Make `Lanes` `constexpr` on `arm-sve` target #1593

fbarbari · 2023-07-24T16:29:11Z

I have this "prologue" at the beginning of a function

HWY_ATTR bool foo(const double *data, const uint8_t *mask) {
      namespace hn = hwy::HWY_NAMESPACE;
      const hn::ScalableTag<double> double_vector_tag;
      const hn::Rebind<uint8_t, decltype(double_vector_tag)> mask_vector_tag;

      static_assert(
          hn::Lanes(double_vector_tag) == hn::Lanes(mask_vector_tag),
          "The data SIMD vector type and the mask SIMD vector type must have the same number of lanes");

      // ...
}

This code compiles fine on x86-256 but on arm-sve outputs:

error: static assertion expression is not an integral constant expression
          hn::Lanes(double_vector_tag) == hn::Lanes(mask_vector_tag)

I think it would be useful to have Lanes as a constexpr function so that one can explicit some constraints through static_asserts.

I am using clang 16.0.6 on an ARM A64FX.

The text was updated successfully, but these errors were encountered:

johnplatts · 2023-07-24T16:50:24Z

Lanes(double_vector_tag) returns the actual number of lanes in Vec<decltype(double_vector_tag)>, and the result of Lanes(double_vector_tag) can differ from MaxLanes(double_vector_tag) on targets that use scalable vectors such as SVE or RVV.

Here is how the above code should be corrected:

HWY_ATTR bool foo(const double *data, const uint8_t *mask) {
      namespace hn = hwy::HWY_NAMESPACE;
      const hn::ScalableTag<double> double_vector_tag;
      const hn::Rebind<uint8_t, decltype(double_vector_tag)> mask_vector_tag;

      static_assert(
          hn::MaxLanes(double_vector_tag) == hn::MaxLanes(mask_vector_tag),
          "The data SIMD vector type and the mask SIMD vector type must have the same number of lanes");

      // ...
}

hn::MaxLanes(double_vector_tag) will return the same result as hn::Lanes(mask_vector_tag) on targets that use fixed-size vectors such as x86/NEON/PPC/WASM/EMU128/SCALAR.

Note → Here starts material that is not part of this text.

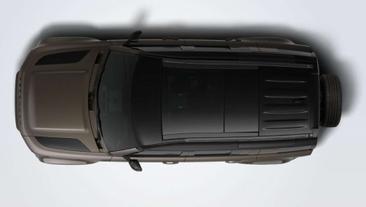 Land Rover Defender 110 X-Dynamic SE P300e — photo 4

hn::Lanes(double_vector_tag) == hn::Lanes(mask_vector_tag) should be true, even on HWY_SVE and HWY_RVV targets, as double_vector_tag.Pow2() is equal to 0 and mask_vector_tag.Pow2() is equal to -3 and as the hn::Lanes(mask_vector_tag) implementation on SVE/RVV actually takes into account mask_vector_tag.Pow2().

hn::Lanes(mask_vector_tag) will return the same result as hn::Lanes(hn::ScalableTag<uint8_t>()) / 8 on all targets except SCALAR, including SVE and RVV.

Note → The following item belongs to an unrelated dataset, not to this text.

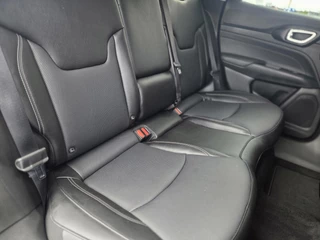 Jeep Compass 4xe 240 Plug-in Hybrid Electric Summit | Apple-Android | Parkeercamera | Stoelventilatie / 9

jan-wassenberg · 2023-07-25T08:17:51Z

Thanks @johnplatts , I agree with your comments.
@fbarbari , it is true that Lanes() is constexpr on x86 (and also NEON) but this should not be relied upon as John notes. A further alternative could be to change static_assert to a debug-build only runtime assert, such as HWY_DASSERT.

Finally, we could consider adding a HWY_SVE_512 target which corresponds to A64FX. Then, Lanes could be constexpr. We should have good evidence that this is worthwhile in general, though - it costs compile time and binary size for everyone (except perhaps if it is opt-in).

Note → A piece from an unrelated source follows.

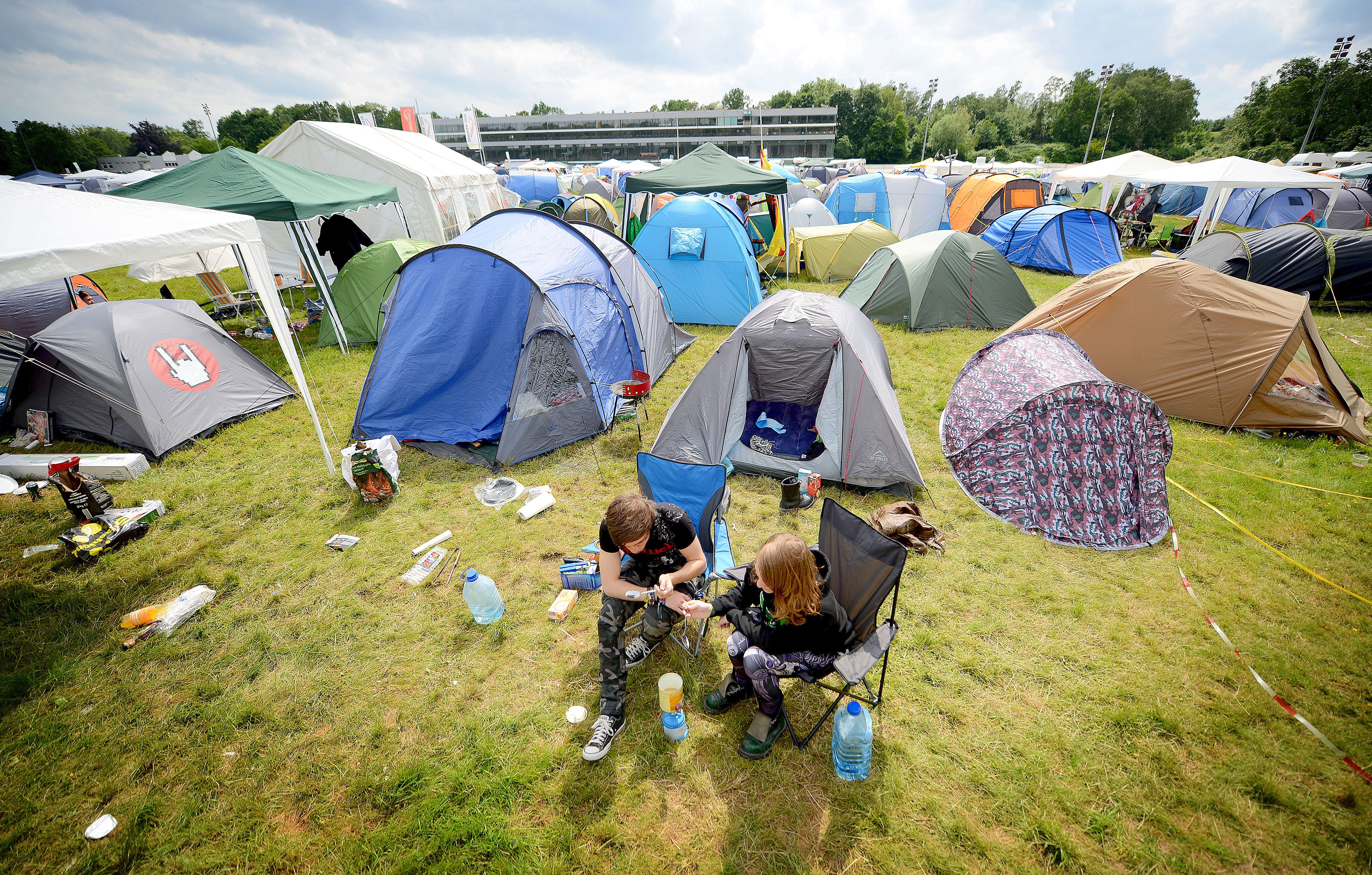 Der Campingplatz auf der Trabrennbahn füllte sich Freitag um die Mittagszeit.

fbarbari · 2023-07-25T09:07:55Z

Thank you both for the quick responses. In the end I used the MaxLanes function in the static_assert.
Regarding to HWY_SVE_512, I didn't want to be the cause for a breaking change in the highway API :)
Isn't it already opt-in when using static dispatch (in the sense that you get only what can run on the CPU you are compiling on)?

jan-wassenberg · 2023-07-25T11:31:02Z

Sounds good :)

Regarding to HWY_SVE_512, I didn't want to be the cause for a breaking change in the highway API :)

No worries, this would not be a breaking change. A new target means we recompile the code one more time for that target, with corresponding binary size increase (not major).

you get only what can run on the CPU you are compiling on

It's a bit more subtle. Static dispatch only uses the best target enabled via compiler flags. That may or may not be -march=native. And the fixed-size targets such as HWY_SVE_256 require a bit more still (signaling that we know the vector length via __ARM_FEATURE_SVE_BITS).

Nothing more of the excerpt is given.